Experimental Study on Shear Mechanism of Rock-Like Material Containing a Single Non-Persistent Rough Joint

The geometrical and mechanical properties of non-persistent joints as well as the mechanical behavior of intact rock (rock bridges) are significantly effective in the shear strength of weakness planes containing non-persistent joints. Therefore, comprehensive knowledge of the shear mechanism of both joints and rock bridges is required to assess the shear strength of the planes. In this study, the shear behavior of specimens containing a single non-persistent rough joint is investigated. A novel procedure was used to prepare cast specimens embedding a non-persistent (disc-shaped) rough joint using 3D printing and casting technology, and the shear strength of the specimens was examined through an extensive direct shear testing program under constant normal load (CNL) condition. Three levels for three different variables of the joint roughness, rock bridge ratio, and normal stress were considered, and the effects of these factors on the shear behavior of prepared samples were tested.

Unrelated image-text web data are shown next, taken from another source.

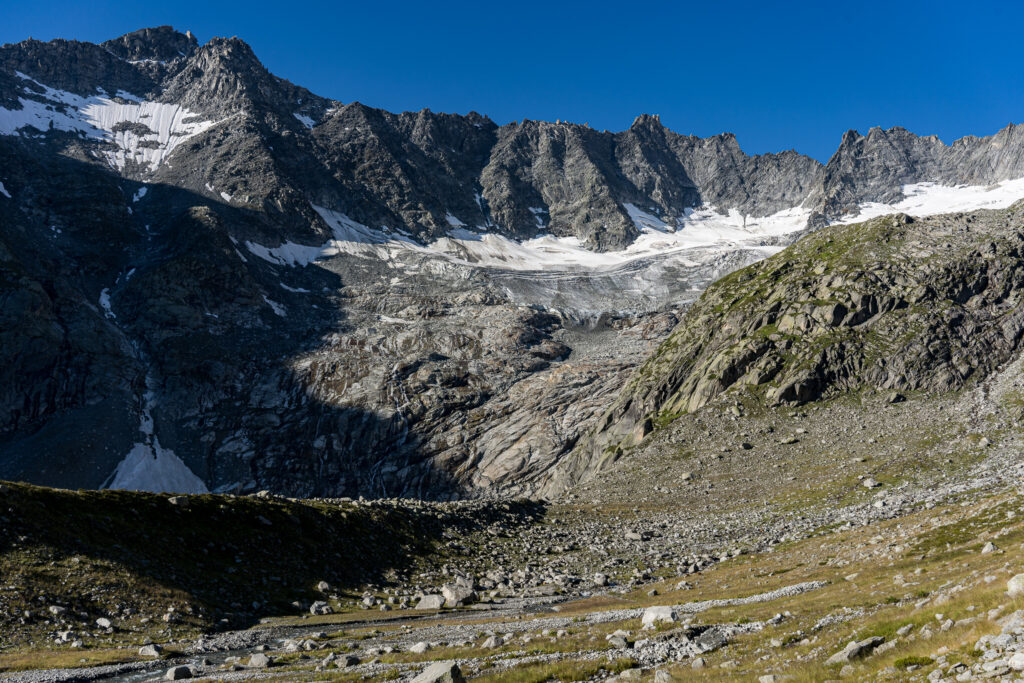 Bergkette mit Gletschern, im Vordergrund Geröllhalden und Gletschermoränen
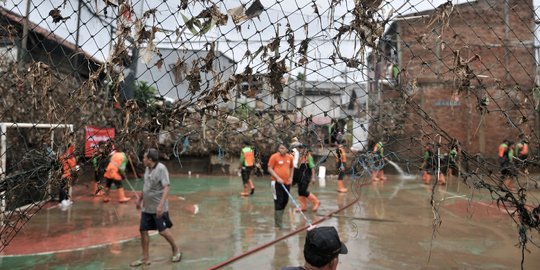 Porak-Poranda Rumah Warga di Rawajati Akibat Banjir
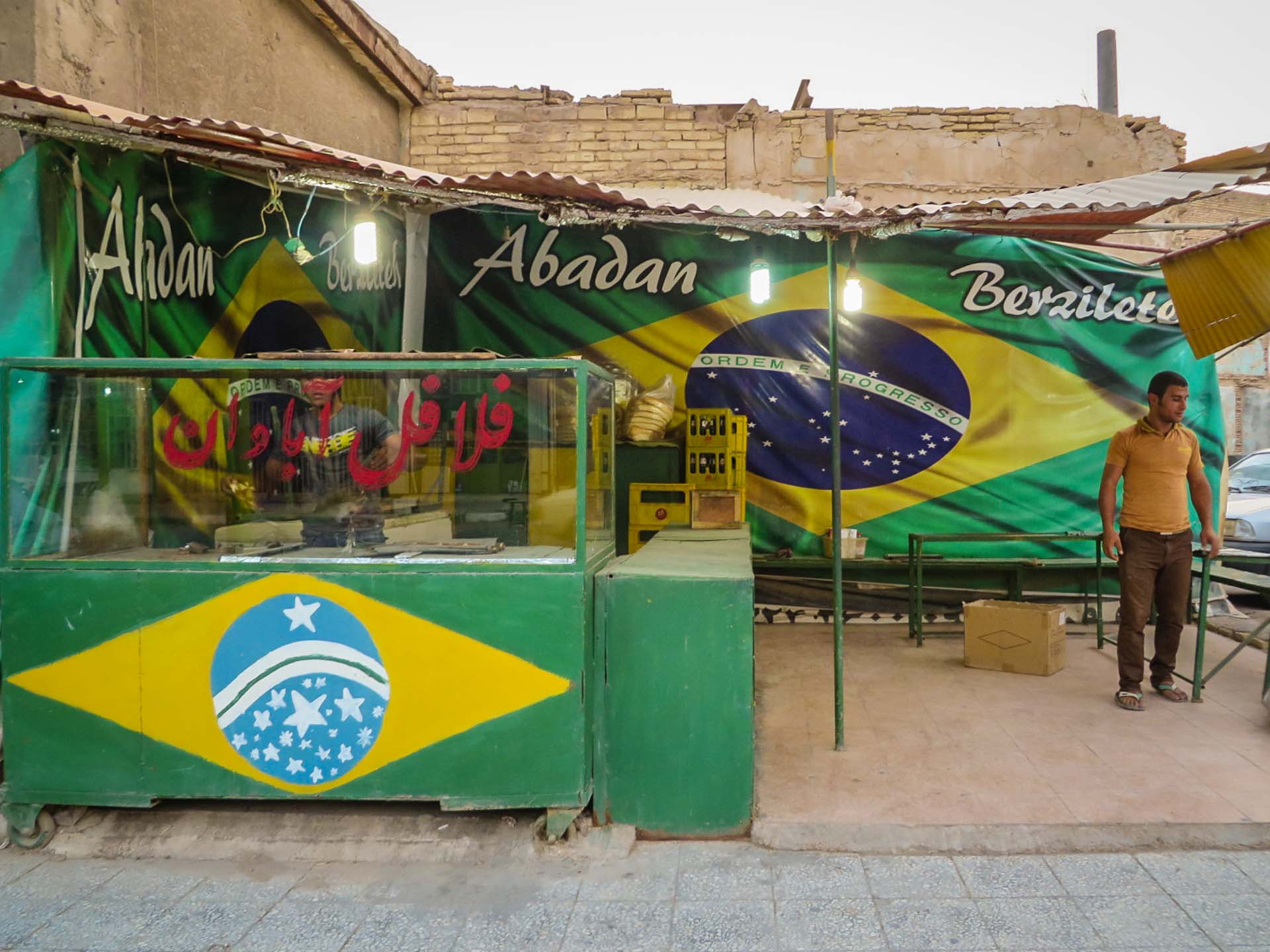Loja em Abadan com as bandeiras do Brasil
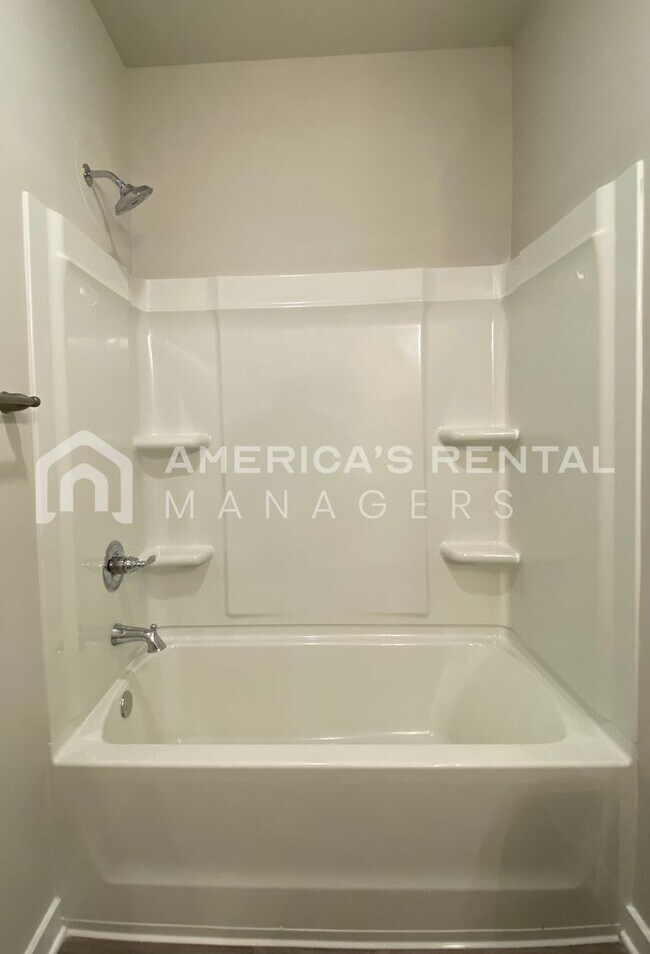 Building Photo - Home for Rent in Thorsby! View with 48 Hours Notice!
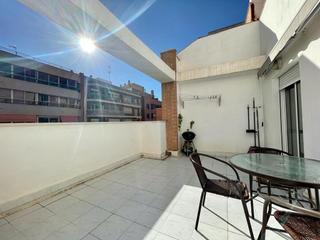 Miete Etagenwohnung in Mercado. Ático en alquiler, 2 dormitorios, centro de alicante.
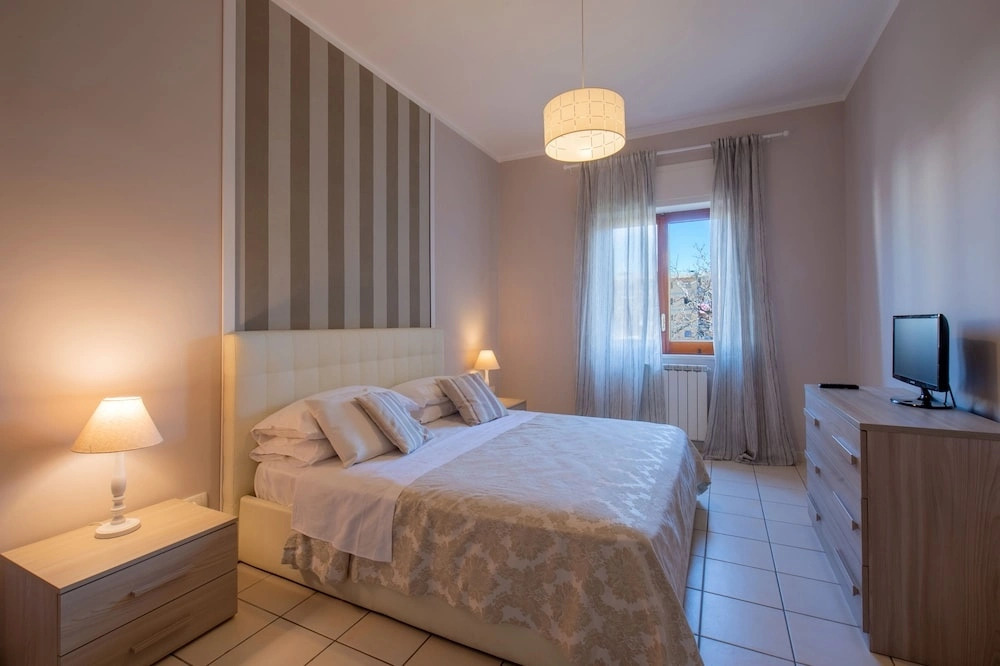 Tasso Apartments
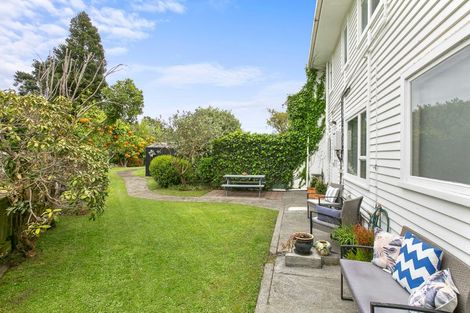 Photo of property in 92/1b South Road, Blagdon, New Plymouth, 4310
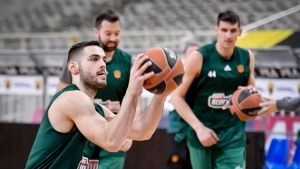&Sigma;&upsilon;&nu;&epsilon;&chi;ί&zeta;&epsilon;&iota; &chi;&omega;&rho;ί&sigmaf; &laquo;&epsilon;&mu;&pi;ό&delta;&iota;&alpha;&raquo; &epsilon;&nu;ό&psi;&epsilon;&iota; &nu;&tau;έ&rho;&mu;&pi;&iota;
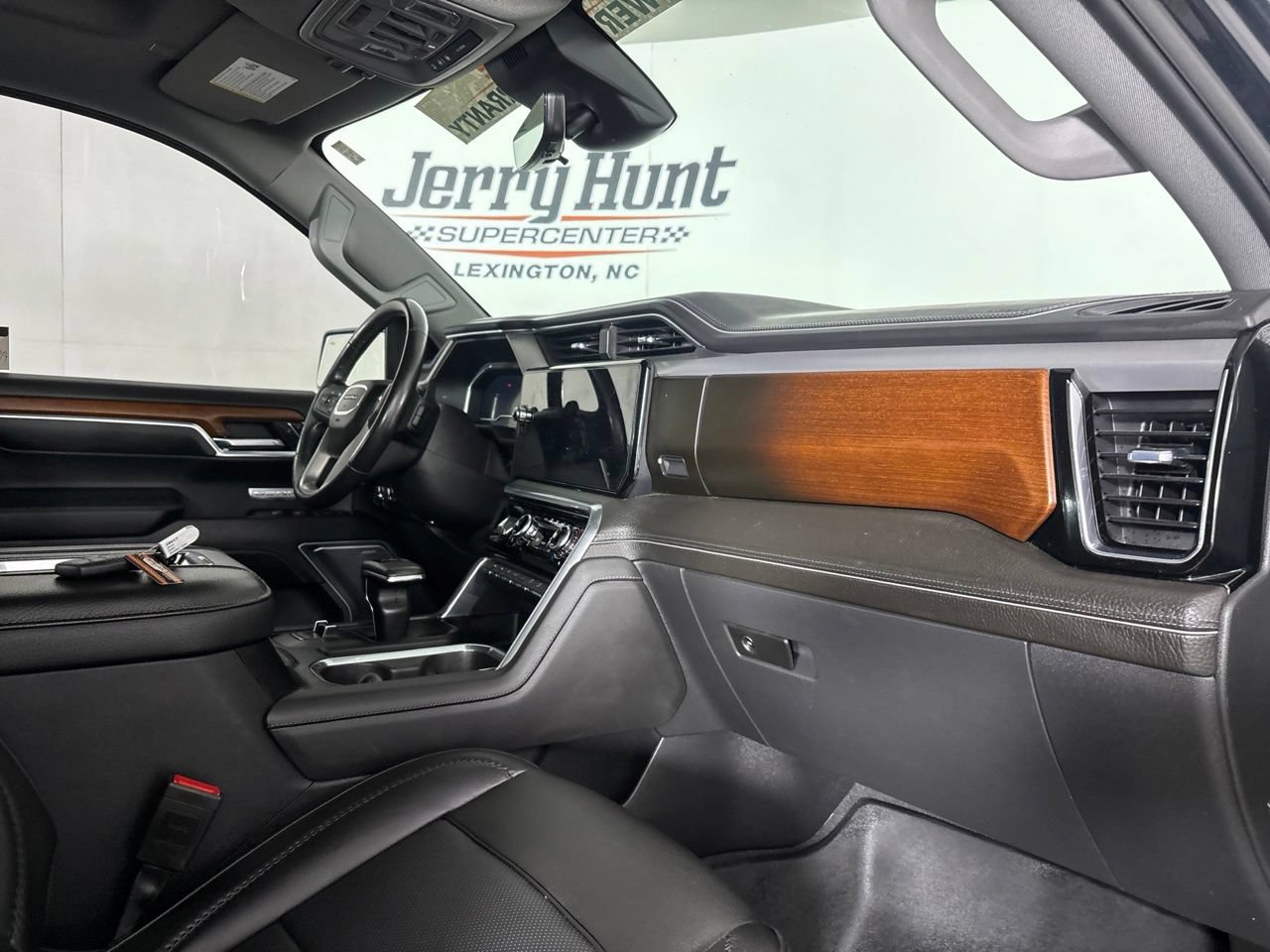 Used 2022 GMC Sierra 1500 Denali w/ Technology Package AWD/4WD image 32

The experimental results show a clear influence of the three variables on the shear strength of the specimens. The results show that the normal stress applied to the jointed zone of weakness planes is considerable, and thus joint friction contribution should be taken into account during shear strength evaluation. Furthermore, the dilation mechanism of the specimens before and after failure was investigated through a digital image correlation analysis. Finally, a camcorder was used to analyze the location and sequence of the initiated cracks.